Saúde municipal reverte verba não usada em enchentes para reforçar pessoal da vigilância
Recursos de R$ 2 milhões, destinados originalmente a custeio emergencial em 2024, serão aplicados em Recursos Humanos após negociação com o Ministério da Saúde, otimizando a capacidade de resposta local.
O Ministério da Saúde autorizou o remanejamento de R$ 2 milhões que haviam sido destinados ao município para custeio durante o período das enchentes de 2024, mas que permaneceram não utilizados. A decisão permite que esses recursos sejam aplicados diretamente nos Recursos Humanos da Vigilância em Saúde local. A obtenção dessa mudança na destinação da verba ocorreu após negociações em Brasília, contando com o apoio do representante do escritório da Prefeitura.

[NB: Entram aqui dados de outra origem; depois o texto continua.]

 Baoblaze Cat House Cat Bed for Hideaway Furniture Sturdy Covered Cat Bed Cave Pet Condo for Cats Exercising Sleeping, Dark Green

A não utilização inicial da verba se deu porque, ao contrário de outros municípios afetados pelas enchentes, os serviços de saúde em Caxias do Sul não foram comprometidos por desmoronamentos ou alagamentos. Os fundos recebidos estavam vinculados, por notas técnicas ministeriais, ao monitoramento de abrigos e à aquisição de serviços especializados de vigilância para lidar com doenças vetoriais, arboviroses e leptospirose, cenários que não se materializaram na forma prevista devido à resiliência da estrutura de saúde local. A diretora da Vigilância em Saúde explicou que, por essa razão, o valor ficou sem uso, pois não podia ser aplicado em outras necessidades.
Apesar de os serviços não terem colapsado, o município observou um aumento na demanda por serviços de saúde devido à chegada de pessoas deslocadas de regiões mais atingidas. Esse fluxo populacional exigiu o aumento de equipes e o uso de horas extras, especialmente na área ambiental, gerando ônus para a cidade. Diante dessa realidade e após um processo de negociação com o Ministério da Saúde, foi acordada a liberação do fundo com o propósito de aplicá-lo em Recursos Humanos da Vigilância em Saúde, visando atender às necessidades adicionais surgidas no contexto pós-desastre.